Honest Disagreement with Church Policy and Doctrine
Posted by Kerry on March 18, 2008
Last month, the Church released a statement regarding Peter Danzig’s (a member of the Church’s Orchestra at Temple Square in SLC) public disagreement surrounding same-gender marriage. It appears that Peter and his wife were very active members of the Church, serving and attending in their local ward. But they disagreed with a 1st Presidency letter sent to local leaders back in 2006 “urging members to ‘express themselves’ on a forthcoming vote in the United States Senate relating to the definition of marriage.”
Peter then sent a letter to the SL Tribune, saying that he “…was troubled that my church requested I violate my own conscience to write in support of an amendment I feel is contrary to the constitution and to the gospel of Christ.” It sounds like he also encouraged other members of the Church to oppose Church leaders on the issue. After 18 months of counseling with local leaders, Peter voluntarily withdrew his membership in the Church by his own formal written request. The Church stated that he was “not officially disciplined by the Church”.
The story is quite interesting. But what I find even more interesting is what else the Church’s statement mentioned:
“Members of The Church of Jesus Christ of Latter-day Saints are encouraged to study, learn and ask questions in their quest for knowledge. Gordon B. Hinckley, 15th president of the Church said: ‘This Church came about as a result of intellectual curiosity. We believe in education … we expect them (Church members) to think. We expect them to investigate. We expect them to use their minds and dig deeply for knowledge in all fields.’”
This is an incredible statement. I love it. I love that Pres. Hinckley said it. For some odd reason, those who search after truth, who dig, who investigate, are often shunned in the church as weirdos or apostates. Even though we are commanded to individually search after knowledge and truth (many references, for one see here).
The statement continues:
“However, it is not acceptable when their digging and questioning leads to public opposition against doctrine Church leaders are obliged to uphold. That doesn’t mean that Church leaders don’t listen and consider opposing views. Quite the contrary. Local bishops and stake presidents love and are concerned about all members of the flock. This is the purpose of counseling provided by local Church leaders who know and care for each individual in their congregations.
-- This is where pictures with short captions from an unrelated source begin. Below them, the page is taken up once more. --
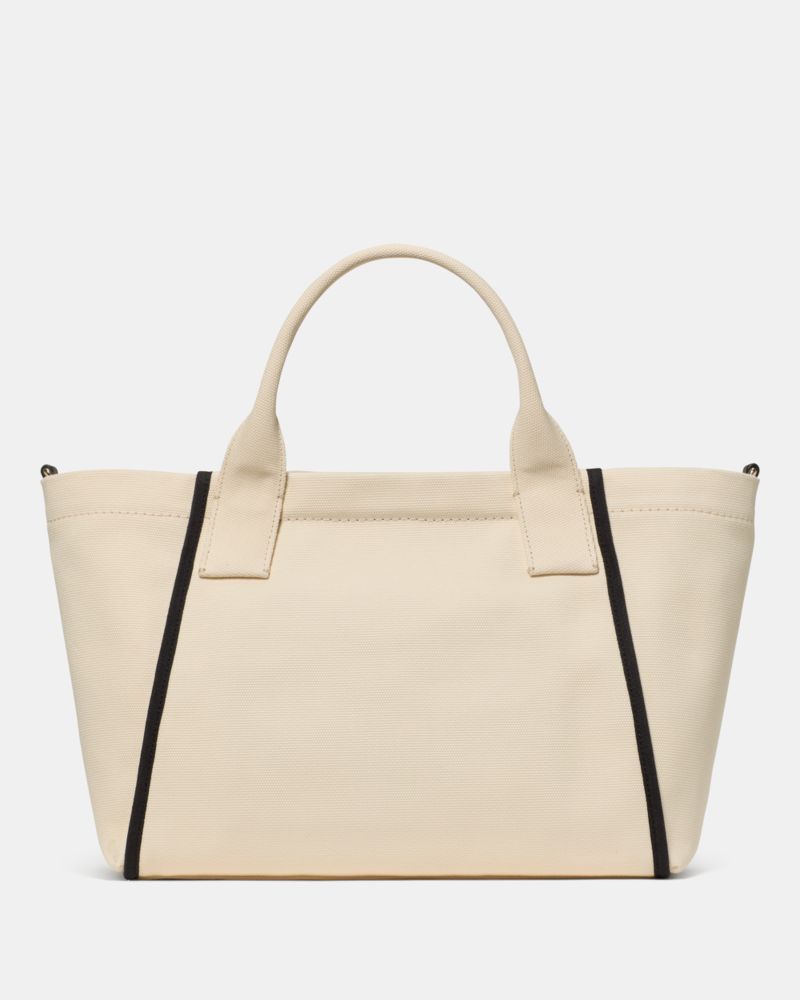 Kate Spade,Dash Canvas Tote Bag,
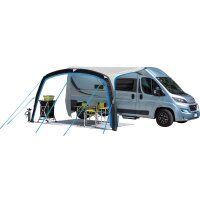 Sonnendach Skia 300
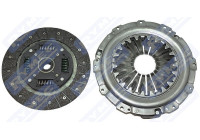 Kit de embrague JT1192 Rymec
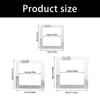 Sturdy Acrylic Jewelry Holder For Easy Movement In Any Setting Daily Use
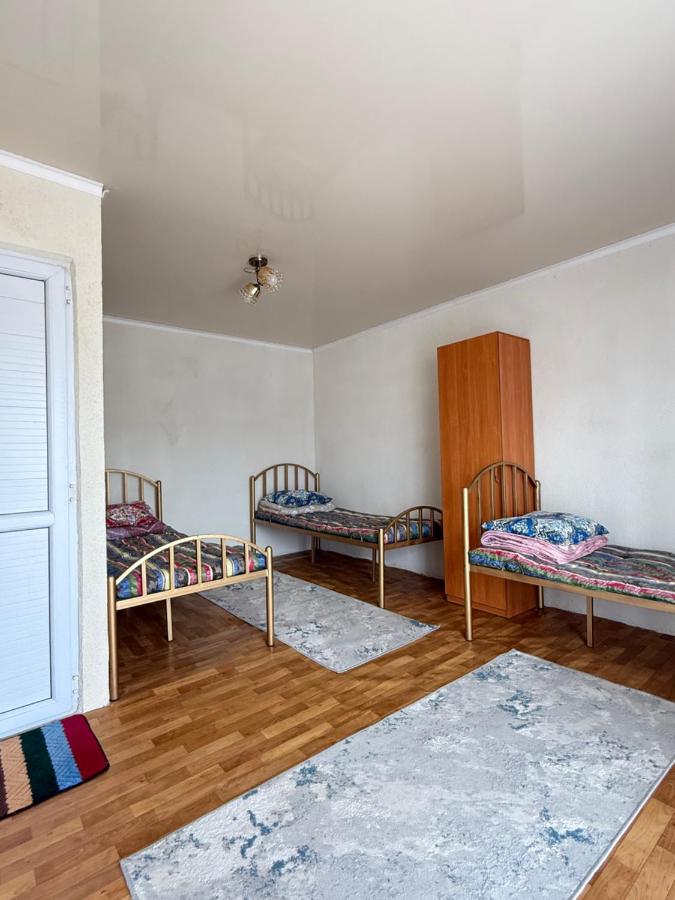 Habitación Triple Estándar 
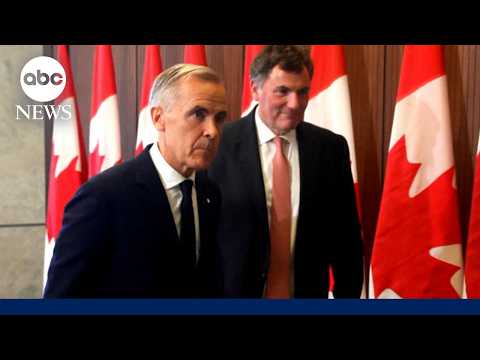 Canada to announce retaliatory tariffs against the US amid escalating trade war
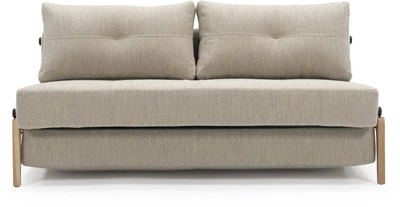 Innovation Living - Cubed Bäddsoffa 160 x 200 cm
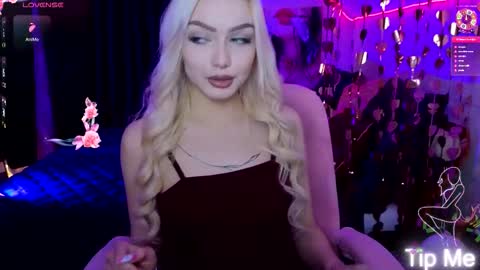 I am Lina online show from February 27, 2:50 pm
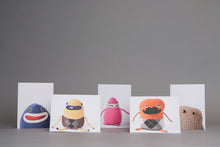 Load image into Gallery viewer, my friend monster™ blank photo cards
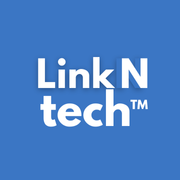 LinkNTech Logo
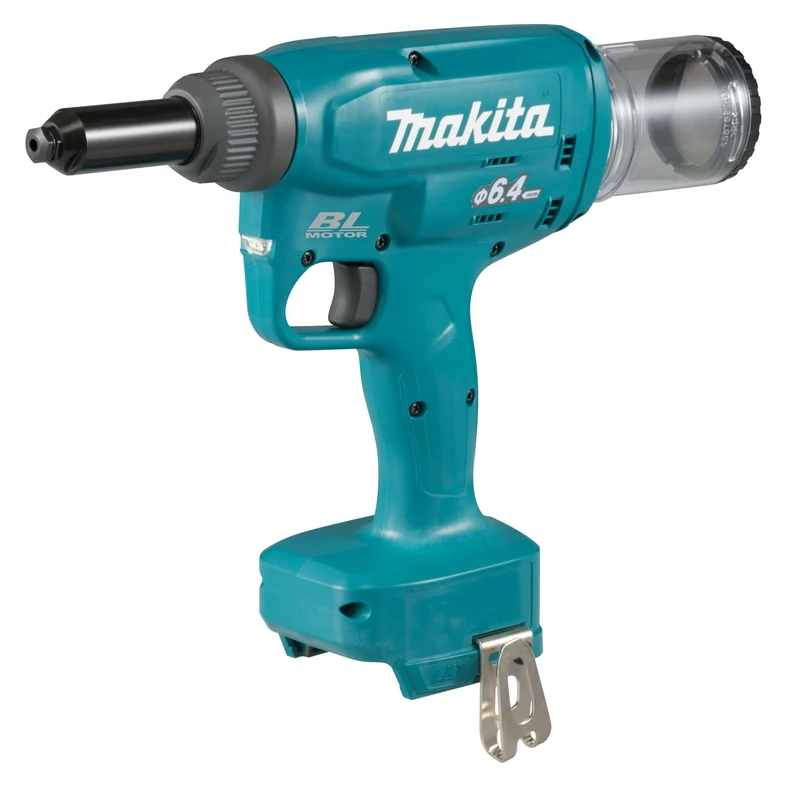 Makita DRV250Z 18V Li-ion LXT Brushless Rivet Gun - Batteries and Charger Not Included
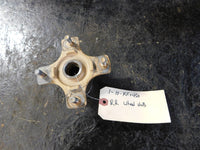 2010 Kawasaki KFX 450 Right Rear Wheel Hub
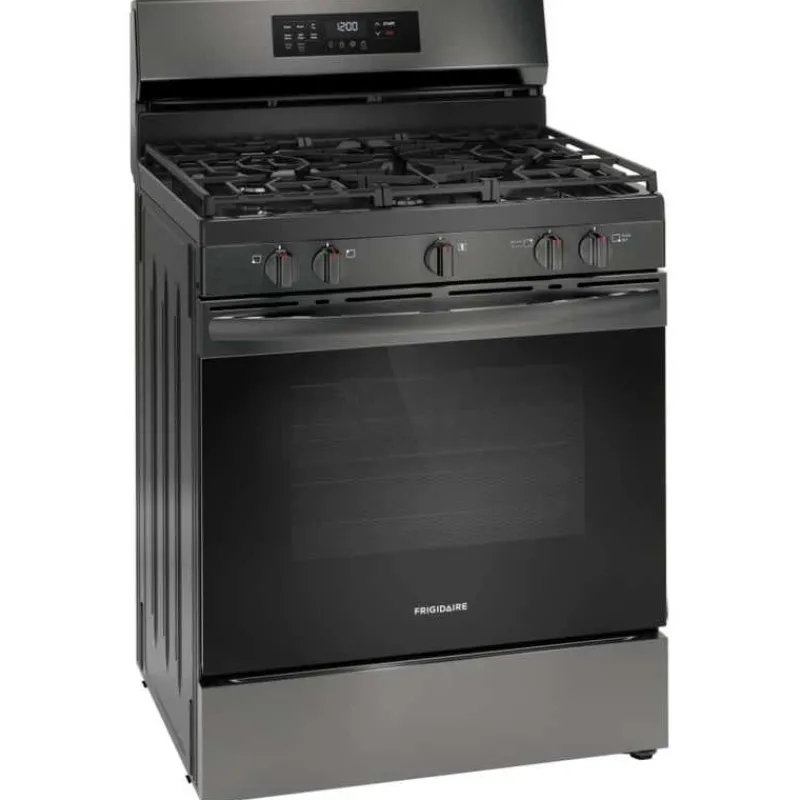 Frigidaire Range 30" Electric Gas - FCRG3083AD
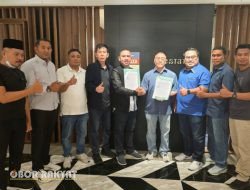 Penandatanganan Kontrak Kerjasama dalam Budidaya Rumput Laut di Gugusan Teluk Kangean Terwujud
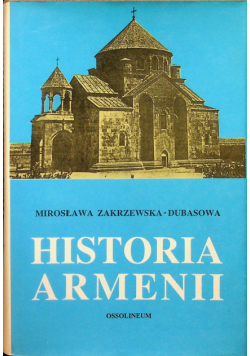 Historia Armenii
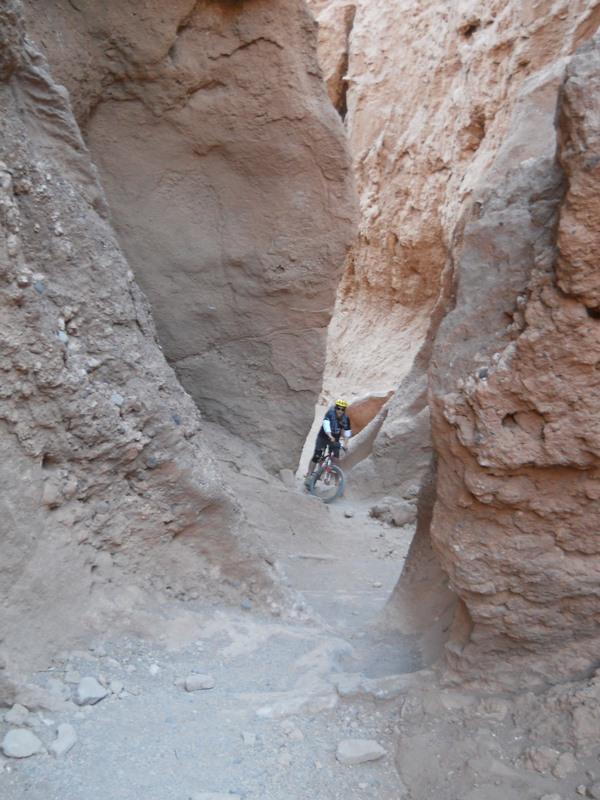 Foto de San Pedro de Atacama, Chile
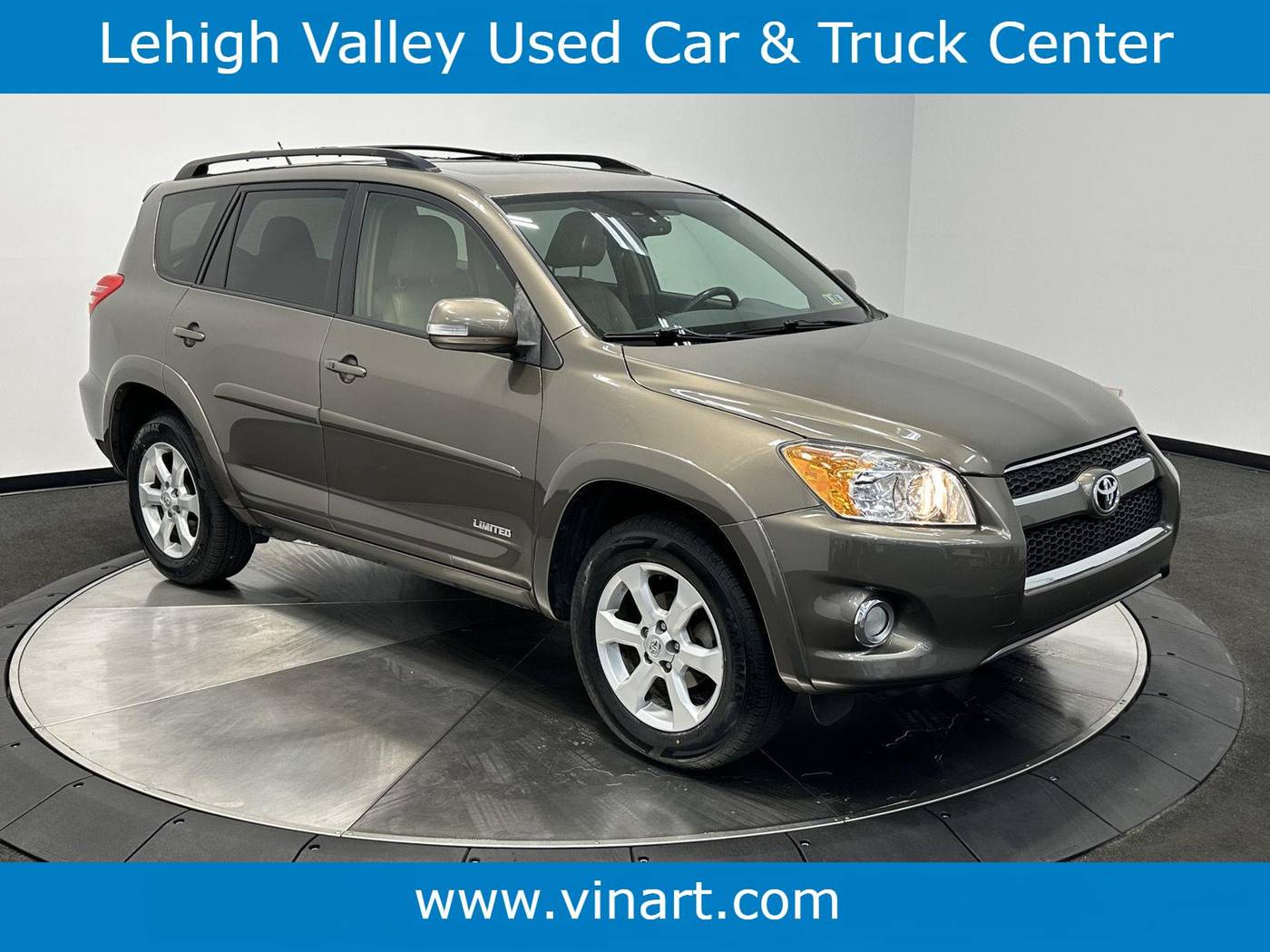 2011 Toyota RAV4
Honest disagreements are not the same as public advocacy of positions contrary to those of the Church. When disagreements arise, the principle of the Church is that local leaders discuss these matters with members with love and concern.”
Again, what a fascinating statement. Honest disagreements, when acted on appropriately, are perfectly fine. There is a designated channel for members with honest disagreements to counsel with and even question local leaders. The statement makes it very clear that “appropriate” means in counsel with local leaders, not in public opposition. Also, it says that church leaders do listen and do consider opposing views.
Even though I consider myself an orthodox Mormon who agreeably supports his local leaders and their local mandates, for some reason I find these statements quite refreshing.